I remember my first sermon before a congregation. I was 15 years old. It was "Youth Sunday" at FBC Wimauma, FL. I was asked by our pastor to deliver the Sunday morning sermon. That was 30 years ago and I still remember the text I preached from - Acts 3, which was Peter's second recorded sermon he spoke from Solomon's Portico. I worked on that message for several weeks, preaching it in my room, preaching it on our family farm to the pigs and cows. I timed it to see how long it took me - right at 30 minutes. But when I got up to deliver the sermon at 11:30 that morning, it only took me 10 minutes to preach it. We were out of church and headed home at 11:45! Wishful thinking today, right?

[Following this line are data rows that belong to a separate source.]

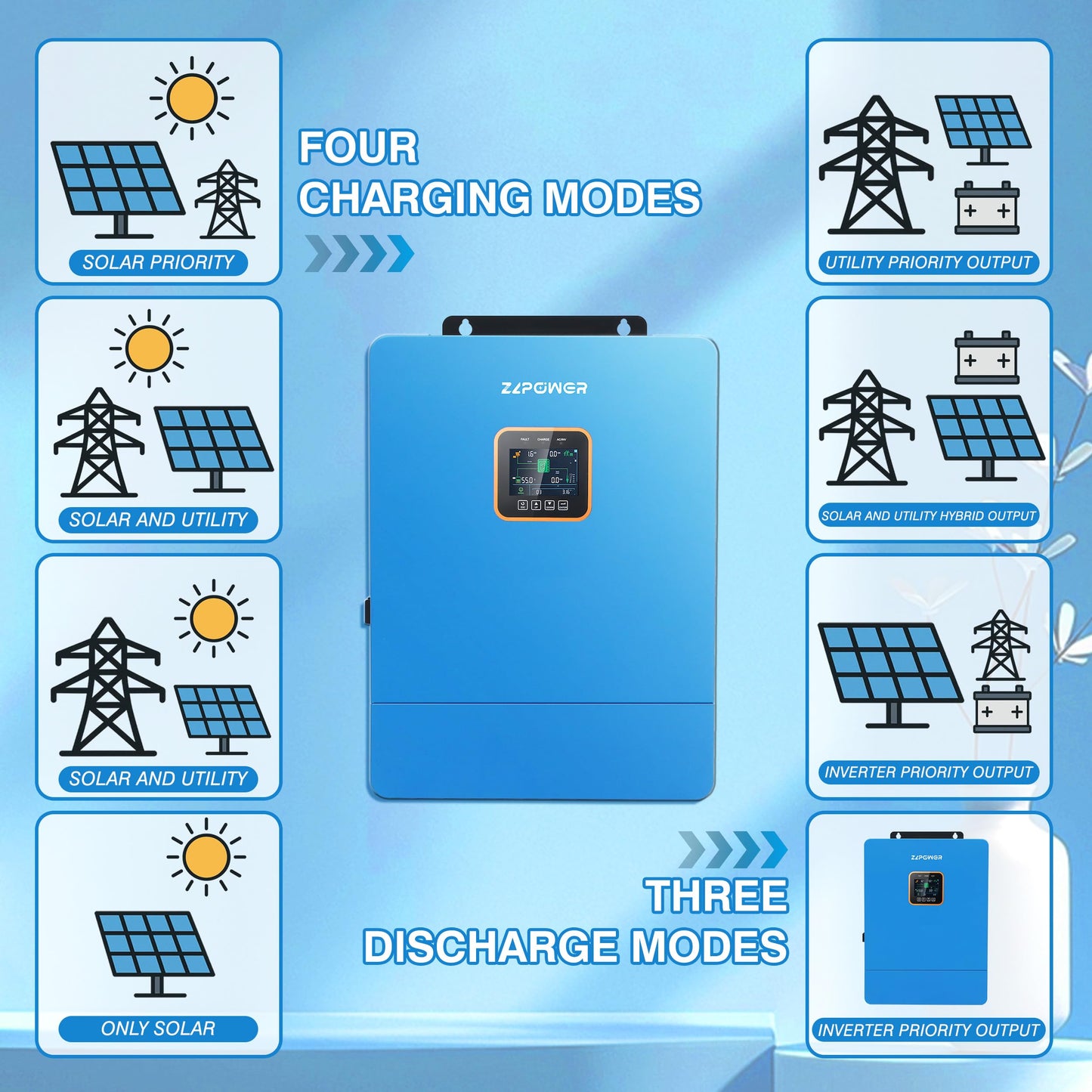 ZLPOWER 10000W Solar Inverter 48V Split Phase 120V/240V, 11000W Max PV Input Hybrid Inverter Charger, Battery-Free Operation, Pure Sine Wave for Whole Home Backup (WiFi and BMS COMM)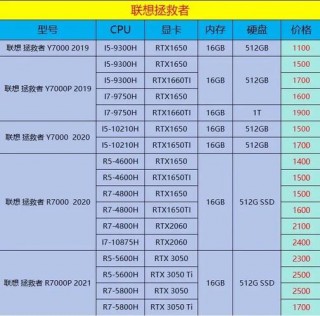 联想笔记本价位？联想笔记本费用高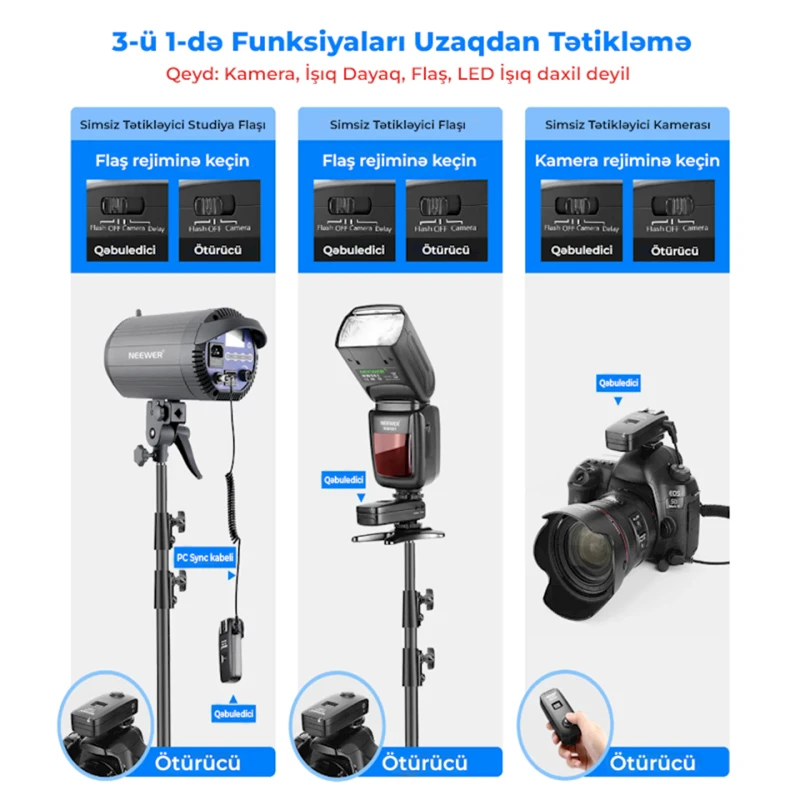 Комплект синхронизатора для вспышки Neewer FC-16-1 Комплект синхронизатора для вспышки Neewer FC-16-1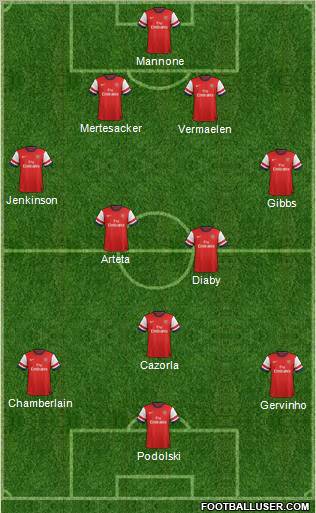 Arsenal Formation 2012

Today we're looking at Peter's very first sermon. If you'll remember, just before Jesus ascended into heaven he reminded the 120 followers in Jerusalem that he promised the coming of the Holy Spirit. And last week we saw that 10 days later the Holy Spirit was in fact poured out in power upon those gathered. The Holy Spirit manifested himself upon them in these sensory ways - sound, sight, and touch which resulted in them speaking in tongues. The explosion of power with which the Spirit came upon those 120 disciples was so loud, it attracted thousands of Jewish pilgrims in the city for the festival of Pentecost - the sound attracted them to the location where they were gathered. And when they got there, they heard the mighty wonders of God communicated in their own language from these Galileans.

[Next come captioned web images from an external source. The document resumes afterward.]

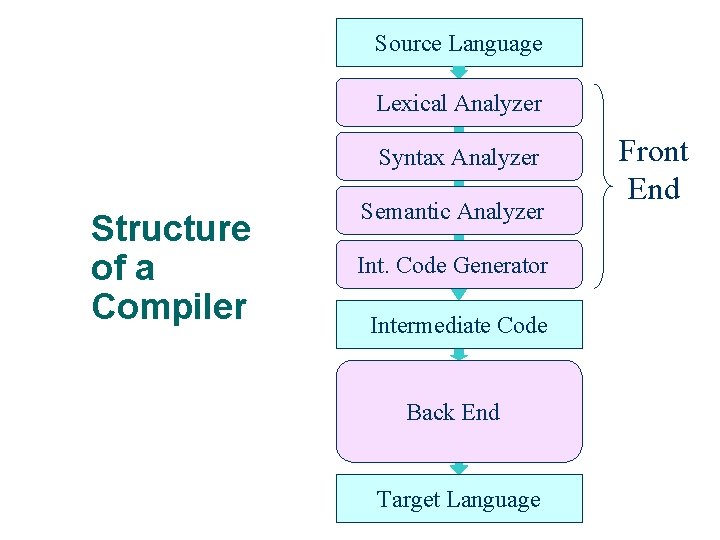 Source Language Lexical Analyzer Syntax Analyzer Structure of a Compiler Semantic Analyzer Int. Code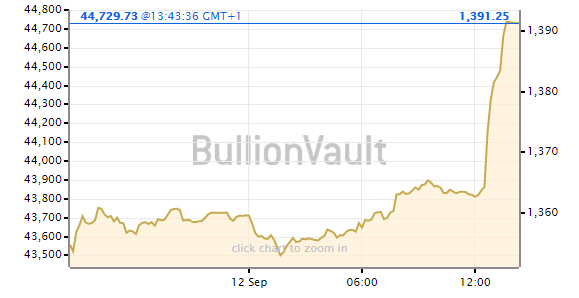 Where Did The Stimulus Money Go Chart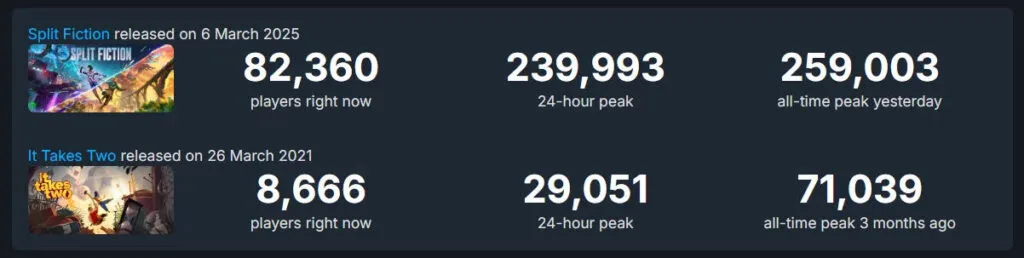 Split Fiction vs It Takes Two - comparação em números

And the idea we came around last week was that the Holy Spirit came upon them in power - not primarily to give them an ecstatic, sensory experience - that was a secondary result. He came upon them to empower them for the mission Jesus had given them in Acts 1:8: "But you will receive power when the Holy Spirit has come upon you, and you will be my witnesses in Jerusalem and in all Judea and Samaria, and to the end of the earth.” Acts 1:8

Again, what we're going to look at today is Peter's very first sermon. It's a sermon he gave in response to the question that was circling through the crowd of pilgrims gathered outside who had just heard them speaking in their own language. The question that was swirling around was "What does this mean?" And Peter's sermon is in response to that question.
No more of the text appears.